El sociólogo Erik Olin Wright complementa este diagnóstico al documentar la transformación de la “izquierda de clase” en una “izquierda profesional-gerencial”, más atenta a los códigos de conducta en Twitter que a la desposesión sistemática de trabajadores, migrantes y campesinos. Esta izquierda, escribe, “ha abandonado al proletariado” y ha dejado un vacío que hoy es explotado, sin pudor, por los populismos de derecha.
En este marco, la puntual observación de Montalvo adquiere un filo teórico innegable: afirmar que “la propiedad de los medios de producción ya no define la postura política” revela hasta qué punto las antiguas coordenadas ideológicas han sido sustituidas por un mapa donde los signos carecen de sustancia. Frank Rainieri, magnate turístico, escapa a la etiqueta de “ultraderecha” porque se acomoda con naturalidad a las agendas cosmopolitas del progresismo cultural. Pelegrín Castillo, en cambio, es estigmatizado como “ultraderechista” por su resistencia a los dogmas de la ideología de género o a una política migratoria sin frenos. El capital, en última instancia, no escandaliza; la disidencia cultural sí.
La inversión es total. Como advirtió Antonio Gramsci, toda hegemonía cultural impone un “sentido común” que parece natural e incuestionable. Hoy, ese sentido común es el de una izquierda desarmada ideológicamente. Ya no cuestiona la concentración obscena de la riqueza ni las cadenas de dependencia global, sino que se limita a gestionar con buen tono las sensibilidades culturales de moda.
Montalvo lo llama “tigueraje político”. Otros lo han bautizado como “capitalismo woke” o “progresismo neoliberal”. El resultado es el mismo. Estamos frente a una izquierda domesticada, bien pagada y funcional al orden que en teoría pretendía subvertir. Lo que presenciamos no es la continuidad de la lucha de clases, sino su caricatura posmoderna: hashtags en lugar de huelgas, indignación virtual en lugar de acción colectiva, influencers en lugar de líderes obreros.

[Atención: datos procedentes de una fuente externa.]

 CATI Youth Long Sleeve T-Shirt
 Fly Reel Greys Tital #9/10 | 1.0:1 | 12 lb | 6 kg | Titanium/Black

Mientras tanto, los obreros anónimos, los migrantes sometidos a jornadas inhumanas, los campesinos despojados de su tierra, los jóvenes condenados a la incertidumbre y los pueblos expoliados permanecen huérfanos de una voz que realmente los defienda. No sorprende que los vestigios de aquella izquierda genuina permanezcan impasibles ante los genocidios silenciosos, los asesinatos selectivos de líderes extranjeros y la brutal acumulación de riqueza que despoja de dignidad a los más vulnerables, sumiéndolos en la precariedad y transformándolos en espectadores pasivos de su propia miseria. Ahí lo vemos, adictos a la banalidad viral y al individualismo egoísta. Al final, lo único que prospera es un mercadeo de eslóganes progresistas. La política reducida a un show mediático y la justicia social convertida en un simple logotipo.
¡Ay de quien ose desnudar esta impostura colectiva! Será inmediatamente calificado de “ultra”, como si esa etiqueta bastara para acallar una denuncia que apunta al fracaso de un proyecto político exhausto y carente de ideas. Pero acaso, ¿no revela ese epíteto más la debilidad de una ideología que, despojada de contenido, se agarra a meros rótulos para enmascarar su rendición ante el poder real?